The U.S. Department of Education assigns a loan servicer to graduating students after their entire loan amount has been paid out. You can find information -- including contact numbers and mailing addresses -- for your loan servicers at the National Student Loan Data System online database. You will need your Federal Student Aid PIN to gain access to this important loan information.
Don't forget that you are responsible for making your loan payments on time, even if you do not receive a bill. If you do not make your payments on time, you'll face late fees and a hit to your credit scores.
Once you know how much you owe and whom you'll pay, you'll need to choose a repayment plan. This is a big decision, and you might want to spend some time researching it. Your decision should hinge on your current employment and income.
Most graduates choose a standard 10-year repayment plan, meaning that they pay off their student loans by making ten years’ worth of monthly payments. However, this is far from the only option.
Some graduates might instead sign up for the Income-Based Repayment or Income-Contingent Repayment plans. These plans are better suited for those students who have not yet found a steady, well-paying job.
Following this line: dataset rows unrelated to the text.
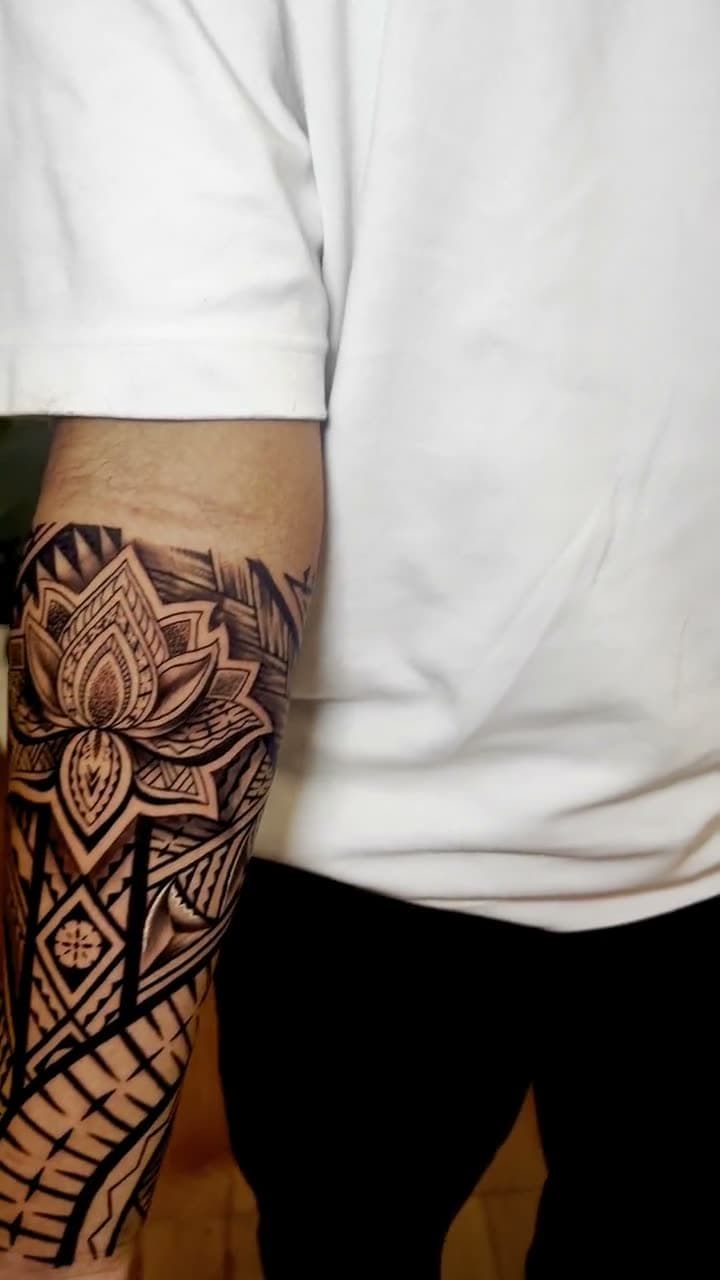 Fijian Forearm Piece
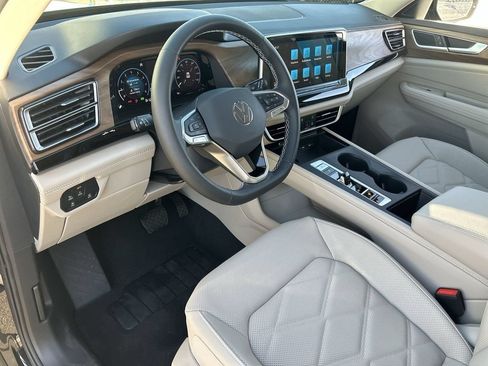 New 2026 Volkswagen Atlas SE FWD image 14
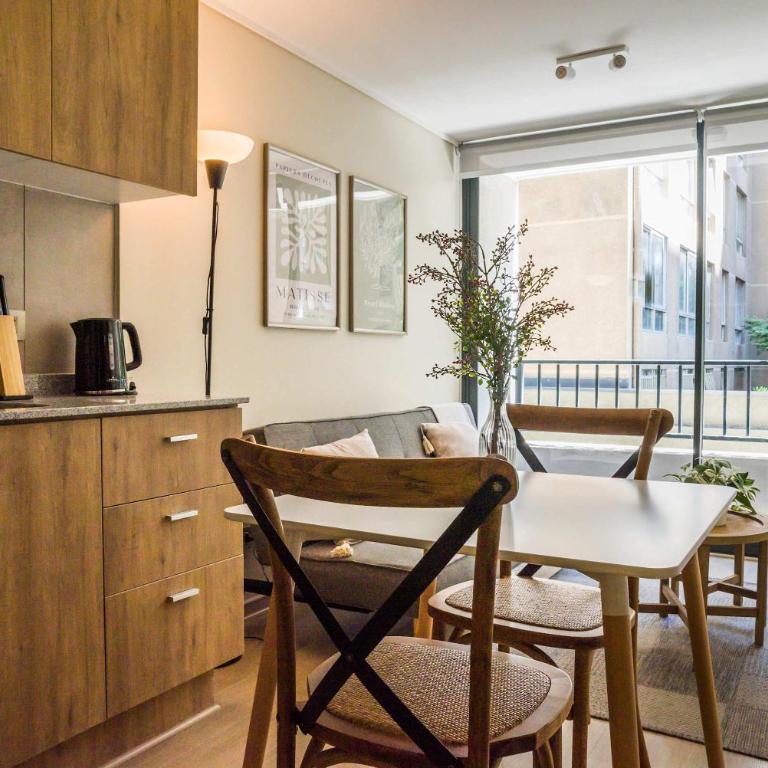 Sleek Santiago Retreat City Views Sleeps 3 - Apartment - 1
Instead of requiring the same payment each month, their minimum monthly payment rises or falls depending on the graduates' ability to make their payments. Such programs provide flexibility for graduates still trying to find that right job.
Once you graduate from college, it is time to learn the important skill of budgeting. This is especially important for students who are repaying student loan debt.
You need to learn that you do not have unlimited financial resources. Moreover, you have to learn how to allocate your money properly. If you are earning barely more than minimum wage, you'll struggle to pay your student loan bills on time if you are spending all your extra cash on Thai food and movie rentals.
Sit down after you graduate and spend the time to create a realistic budget. Make sure that you set aside money for fixed expenses such as monthly rent, car loan payments and, of course, your student loan bills. Make sure you also craft realistic line items for costs that can change from month to month, such as entertainment, groceries and transportation.
Budgeting is a crucial skill, especially for recent graduates who have not yet had the time to build up a financial cushion. If you can master this skill, you'll be developing the tools you need to forget a sound financial future.
Facing those student loan bills after four years of college life is never an easy task. However, you can ease more smoothly into the real world of bills and financial responsibilities if you do the research on how these loans work. The key is to spend the time to educate yourself on your new responsibilities.